A standard operating procedure (SOP) is one or more documents that offer exact instructions on how employees, team members or other users in an organization or company should complete a specific process.
Although it sounds similar to a procedural document, SOPs are designed to go into much more detail, while procedural documents give more of a high-level overview of a process.
Rather than simply saying that the user needs to complete step 1 and 2, as a procedural document would do, the standard operating procedure would explain how, exactly, the user should arrive from step 1 to step 2.
Companies can choose to create their own internal SOP documents for their team from scratch, but it’s best to have a standard operating procedure template to follow. Fortunately, there are several examples we can draw from.
Depending on the complexity of the procedure, it may be easiest to create a SOP by following a bullet-pointed or numbered series of steps. If by following these steps, the user can complete the process without any misunderstanding or failure, then it’s a good idea to keep it as simple as possible. These types of processes can include:
- Online login steps
- Instructions on how to properly use equipment
- How to setup a product
- How to clean up an area
Similar to a step-by-step process, hierarchical SOPs follow steps, but then elaborate on those with sub-steps. So, you may have steps 1, 2, and 3 with a step-by-step format, but steps 1, 1a, 1b, 2, 2a, and so on, with a hierarchical format.

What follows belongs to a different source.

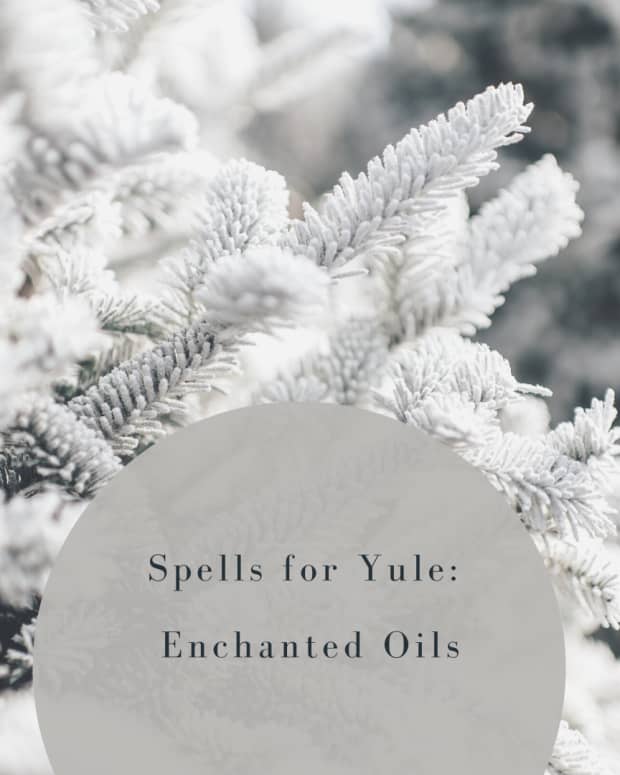 yule-spell-enchanted-oil-to-help-you-stick-to-your-goals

This format is ideal if you need to present material in a step-by-step process, but you want to elaborate or deviate from those steps to present another option or give additional instruction.
A flowchart is best used when there are several paths one can take in order to get to the desired outcome, or if multiple outcomes are possible. The outcome of one particular step will affect the subsequent one, and presenting information in a type of flowchart can make allowances for these additional options. See below for an example:
In the chart above, you’ll notice that there are different possible steps with different possible outcomes, and depending on the step that preceded it, this will determine what the outcome will be.

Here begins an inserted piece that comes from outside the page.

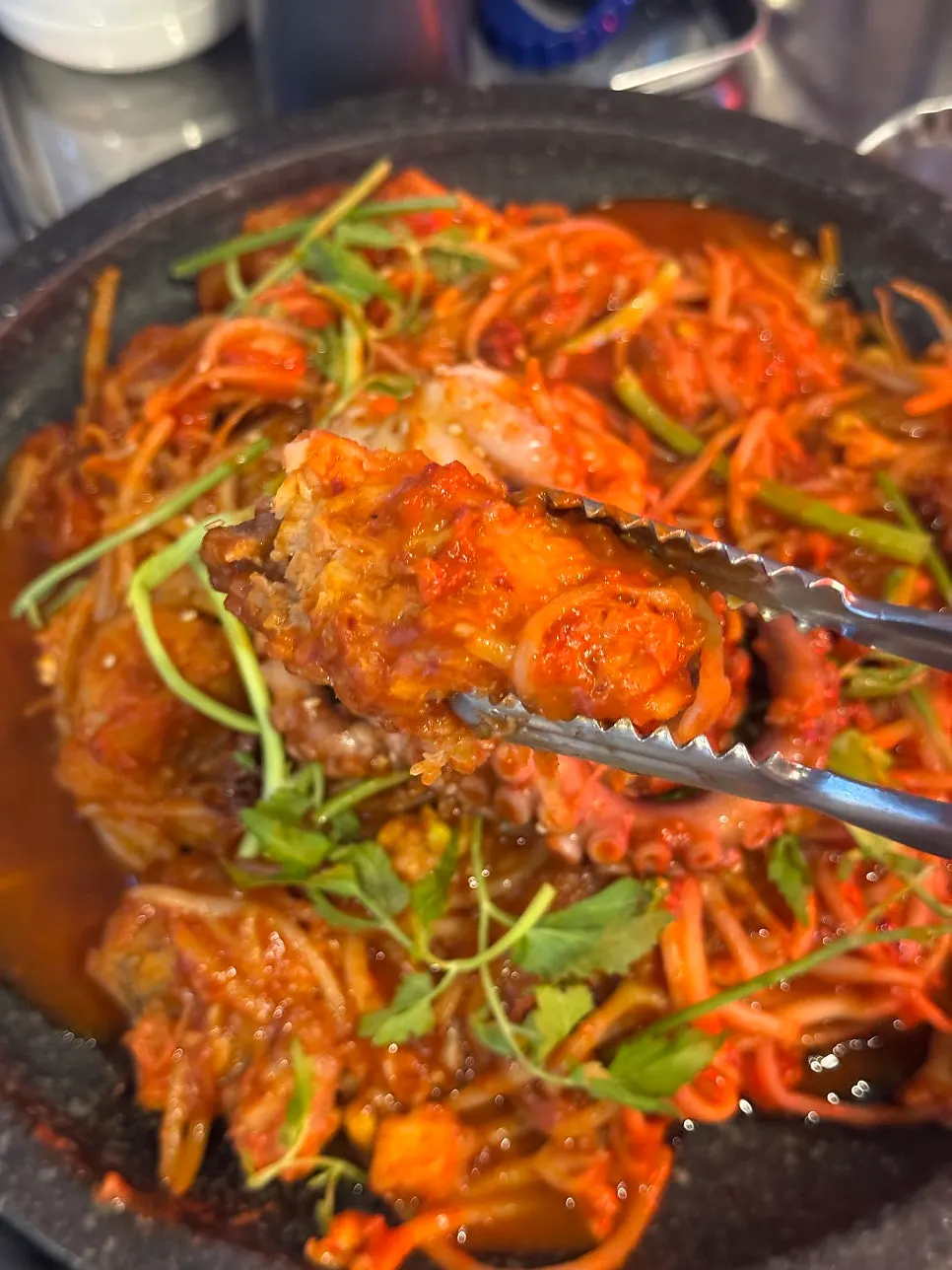 양념이 밴 순살 아귀살과 콩나물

Why Do Standard Operating Procedures Matter?
We’ve covered the basics of why SOPs are important, but in addition to helping lay out a precise set of steps or actions in a methodical and organized way, standard operating procedures also help organizations to turn their processes into a system -- like well-oiled cogs in a machine.
This, in turn, helps keep team members and others in-the-know on how to conduct the specific operation. The end result is that everyone takes the same steps to get the same result -- creating a cohesive unit of singular mind and goals.
Not having SOP documentation in place is like failing to properly maintain that well-oiled machine. Things can gum up the works, causing some parts to fail, others not to start at all. Will you get the result you’d hoped for? Maybe, maybe not.
Is that a risk you’re willing to take in your business?
It’s for this reason, among many others, that creating SOP documentation is not just a best practice in and of itself, but it also has numerous other benefits.
Creating SOP Documentation Helps Ensure that Employees and Members Follow Best Practices at All Times
With the aforementioned “cog in the wheel” mentality, one of the best ways to keep such a well-oiled machine running is by defining what exactly makes up “best practices”. This means getting all departments and hierarchies on board so that everything can be developed in the best interest of “getting it done right the first time.”
In essence, you’ll have a clear, start-to-finish map that you and your team can depend on to clearly understand the best way to undertake a specific task and not only get it done, but get the best possible results.
SOP Documentation Helps Enforce Consistency
There’s a right way and a wrong way to do things in your business. Having these processes documented helps ensure that everything is done in a specific way, so that team members can concentrate more on complex and advanced tasks while making sure that even the simple things are handled automatically, following the best practices.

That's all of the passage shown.